EIP-7928 (Block-Level Access Lists) is the headliner¹ of the upcoming Glamsterdam upgrade, expected to activate mid-year. The EIP website summarizes it as a feature that unlocks “parallel transaction execution on Ethereum”. In this article we’ll see what that means, how the EIP works, and why it’s designed the way it is.

This will be a roundabout explanation: we’ll intentionally go through a false start to better understand the actual solution. If you only want a quick overview, I recommend watching this short video instead.

Block proposal and validation

In Ethereum, each new block is proposed by a randomly chosen validator and propagated to the rest of the network, where other nodes receive it and check that it’s valid. The most time-consuming part of this validation is re-executing all the transactions in the block to verify that the resulting state matches the expected one.

A block is proposed, propagated, and validated.

Transactions within a block have an order determined by the block builder. This order has to be respected when a block is verified; if it’s not, the resulting state could be different. For example, imagine a block with only two transactions, both calling the same contract:

**Example 1**: Two transactions that result in a different final state depending on their execution order.

Here we need to execute transactions in order to get the expected state. But this is not always the case. Take this other example:

**Example 2**: Two transactions that result in the same final state regardless of their execution order.

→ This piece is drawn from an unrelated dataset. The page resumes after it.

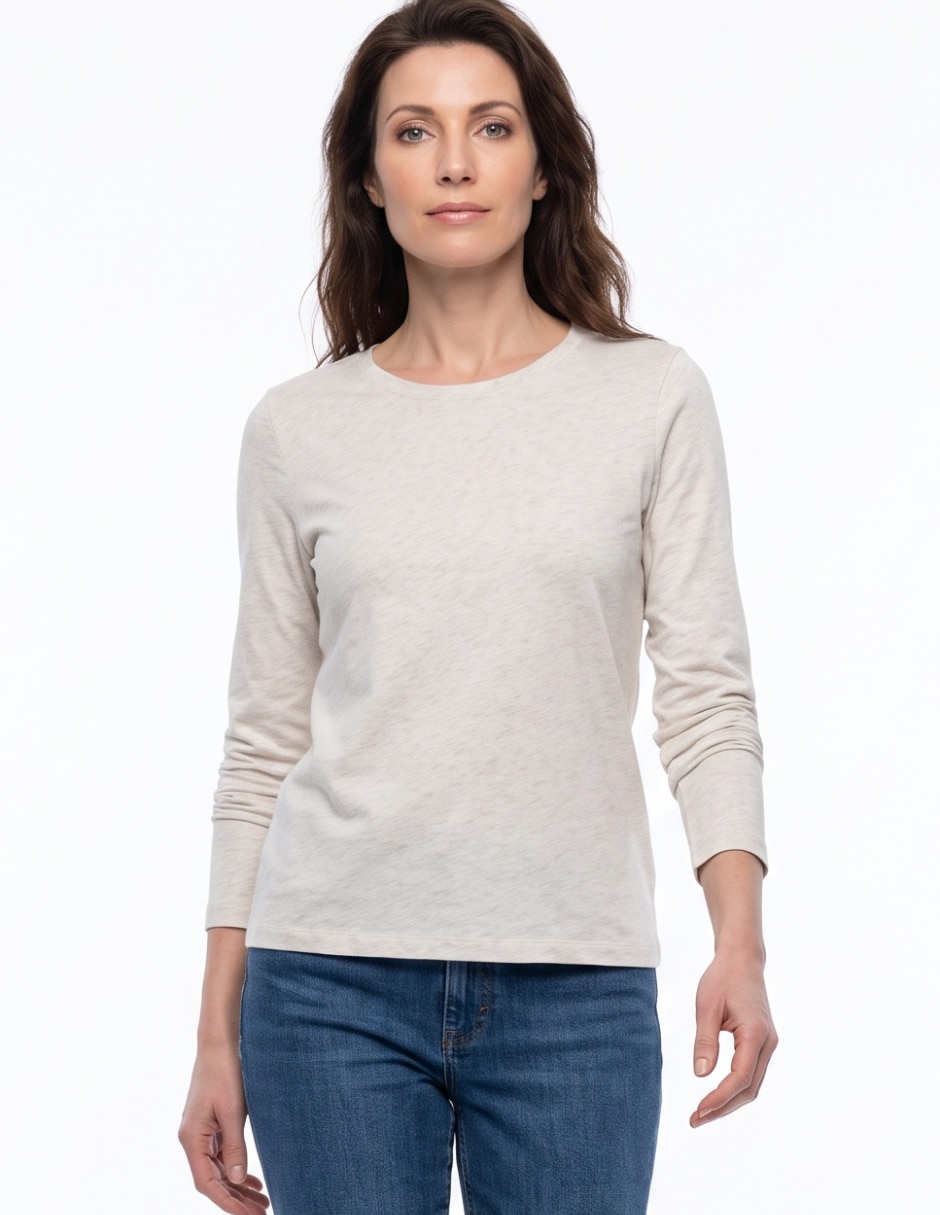 Playera manga corta cuello redondo para mujer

In this case, the order in which we execute the transactions doesn’t matter because the resulting state is the same. Re-executing these transactions sequentially would be wasteful: we could run both of them at the same time without affecting the result.

These examples illustrate that sometimes transactions can be parallelized and sometimes not. Can we use this somehow to have a faster re-execution?

Dependency graphs

We can describe Example 1 in the previous section by saying that tx 2 depends on tx 1. But what do we mean exactly by “depends”? For now let’s use this definition:

Given two transactions A and B, we say that B depends on A if:
A precedes B in the block.
A writes some state that B reads.

In Example 1, tx 2 reads a storage slot (x) that was previously written by tx 1, causing a dependency. Keep in mind that "state" can mean a contract's storage, as in that example, but it can also mean other parts of the world state, like the balance of an account or the code at some address.

Now let’s ask, what would happen if we could know in advance all the dependencies in a block? Ignore for now how we would figure that out; just assume we do. If we had that information, we could use it to have some degree of parallelization during execution. For example, given a block with these transactions:

A block with four transactions and only one dependency among them.

Then we could execute the first three transactions in parallel, and then² execute the last transaction:

Executing transactions in parallel using a dependency graph.

At this point you might be wondering how realistic this is for real blocks. Here's an actual dependency graph, taken from dependency.pics:

Dependency graph for block 23710031 (source).

In this case, the whole block could be re-executed in just four batches, which seems pretty good for a block with 161 transactions. But we might not always be that lucky:

Dependency graph for block 23710002 (source).

Here we have a long dependency chain, significantly reducing the speedup we could get from parallelization.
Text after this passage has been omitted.